Saturday 23 April 2016

Shakespeare In Brief And At Length

The world of William Shakespeare was a different time, but much of what we are told reflects matters of the present and recent past.  There is some of that world that is lost but a lot that is ignored, often because it is difficult to comprehend or explain or may interfere with the accepted narrative.

This is a lady from the mid 20th Century who was very influential in her field of study. Her handling of subject material and analysis were first class and she was held in great respect by all her students and her colleagues.  For those who had thought the Middle Ages were about wars, dynasties, power and theologies she was the voice of another reality.

What she has to do with Shakespeare is far from obvious.  But the England he lived in was one were the Wool Trade was a key, perhaps even the key, economic activity beyond agriculture.  He grew up in a town that was concerned with it and adjacent to The Cotswolds, then a major centre of the trade and the wealth that it created.

A few days ago an item posted was about Leslie Stuart, a major composer, performer and theatrical impresario of his day, but one of the last of his kind.  It is possible to see Shakespeare as one of the first of these who emerged in the 16th Century and to trace a line of connections between the two.
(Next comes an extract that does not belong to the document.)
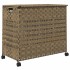 Cesto para ropa sucia con ruedas ratán 66x35x60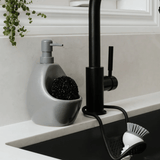 Dispenser Porta Detergente com Esponja Joey Cinza 591ml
He was a businessman, an impresario, a writer and composer who was part of a highly complex network of his time and close to the leaders of society.  More to the point, he had his work printed and in the following generations it was possible for the families who knew him to keep alive his name and works.

In a post on 25 October 2011, "Shakespeare, Family And Friends", I dealt with this.  It was long, detailed and very complicated, simply because that was the way it was and few academics or others have attempted to delve into and weave their way through all these families, their marriages and their status.

There was a short post on Friday 23 April 2010, "Brush Up Your Shakespeare" which does not add much and on Sunday 15 February 2015. "More On Tudor Times", I picked up on a key aspect relating to the "Wolf Hall" TV series.

All these relate to the networks, but behind this, there are  the economics of the Wool Trade and it's connected trades, activities and crucially the financial systems of the period.

So much has been written about this period, yet we understand so little.

1 comment:

  1. "she was the voice of another reality."

    Interesting. Not a well recorded reality, but it was the reality our forgotten ancestors knew.